What about the demonstration done on Mythbusters?
We do enthusiastically recommend that teachers and students alike watch the Mythbusters episode:
Testing global warming theory -- does CO2 warm air?
We make this recommendation with the caveat:
"Please keep in mind: MythBusters is a science entertainment show. Educators need to go beyond,
especially in interpretation of what happens in demo."
The Mythbuster segment is very clear: this is a very challenging demo to do. Most of what Mythbusters does is of the "do NOT try this at home" variety.
They often do what is too hard, expensive, unsafe...weird or embarrassing to do at home or school.
This is a science entertainment show -- in many respects a great one, for testing scientifically popular themes and urban legends.
It should be understood, however, that TV has a lower standard to maintain in the
obligation to interpret what happens,
compared to a science demonstration presented in a classroom or science museum.
Interpretation is not given, for instance, about the full process at work. Professional studio incandescent lighting is used as the energy source.
It is not discussed how the energy from the lights mainly passes right through the (well chosen) membranes and gases contained inside.
Much of the energy is absorbed by the black surface in the rear, which becomes warmer. This black surface radiates long wave infrared,
some of which is absorbed by the CO2 and methane. The greenhouse gases transfer the energy they have captured to their surroundings,
and the gases in the CO2 and methane rich containers become slightly warmer than the control containers with regular air.
Yes, it can be done!
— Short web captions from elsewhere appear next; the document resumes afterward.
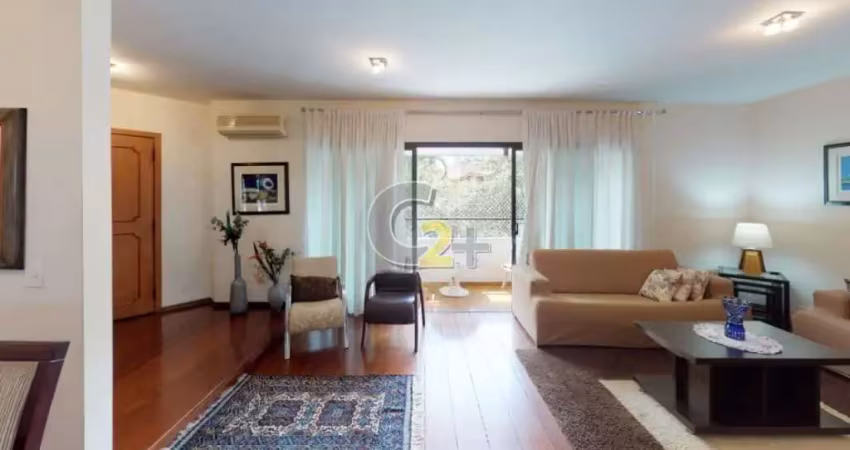Apartamento venda perdizes 3 quartos, 1 suite , 2 vagas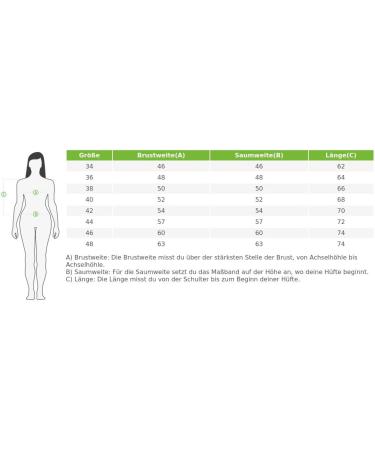 Erima Women's Zenari 3.0 Jersey - 42 Curacao/New Navy/Green Gecko | International Shipping Available - Buy Online on GoSupps.com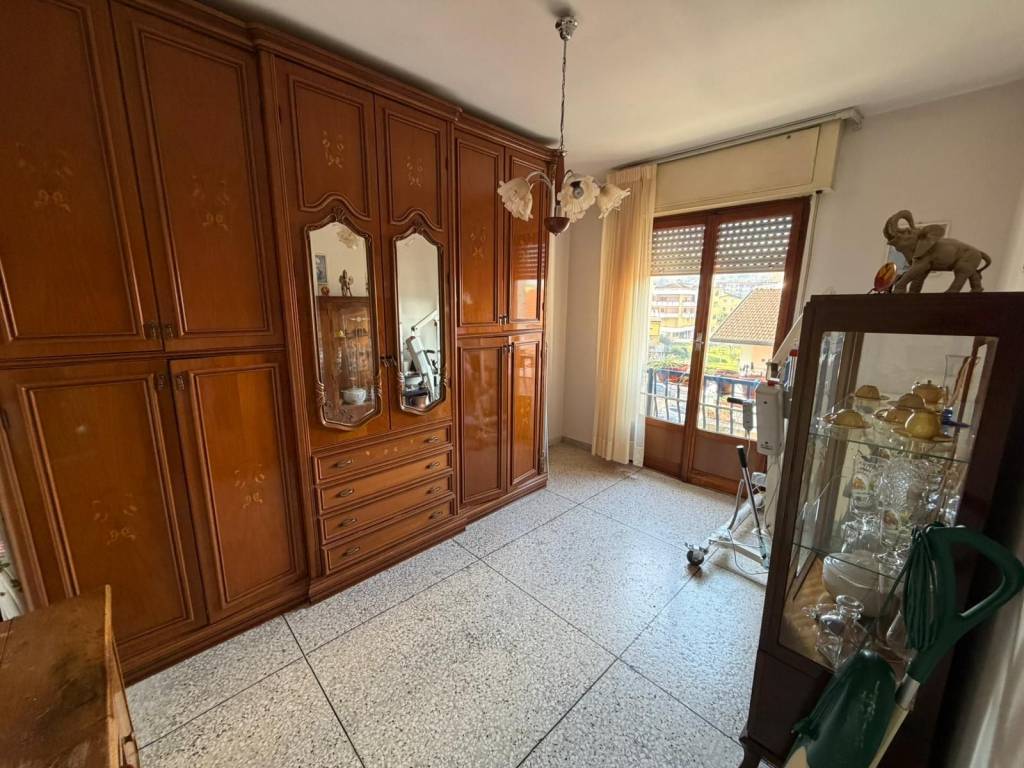 Appartamento a Benevento in Via Carlo Pisacane - Foto 5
Way to go, Brandon!
There are many things Mythbusters does in the design of this demo that are essential for it to work -- we can attest to that from our own lab experience:
Energy source calibration, membrane materials choice, cold ambient temperature, mimimizing convective heat transfer,
quality gas content monitoring by Los Gatos Research, carefully constructed controls, etc.
Having Professor Kristie Boering as a science advisor!
The faulty demos reviewed do not even come close to doing the necessary steps to get authentic results.
Mythbusters reported a 1 degree Celsius differential temperature rise that held steady.
By contrast, where do claims of 9 degrees Celsius of differential temperature rise come from? -- as in one of the demos reviewed.
Why give students the impression that negative results they experience are an indication that warming doesn't really occur?
There are lots of ways kids can have fun melting some Jamie's, and still get the science right. They need valid demos to do it.
Episode SP11 – "Young Scientists Special" -- Original airdate: April 26, 2008 on Science Channel
Note to colleagues involved in designing authentic strong demos: IR lamps indeed have attractive qualities -- low cost, widely available, producing longer wavelengths than ordinary incandescents. We've used them for over a decade very successfully for demos related to the frequencies in which they operate.
Their spectrum sharply peaks in short wave IR. They are not so attractive for demos of the nature being discussed here.
We are experimenting with filters which pass IR wavelengths in the 4-5 micron range, exploring designs that can bring the cost down and make these accessible.
There are many challenges in taking this approach.
Not sure if it is a good one. We can share experience with each other on this.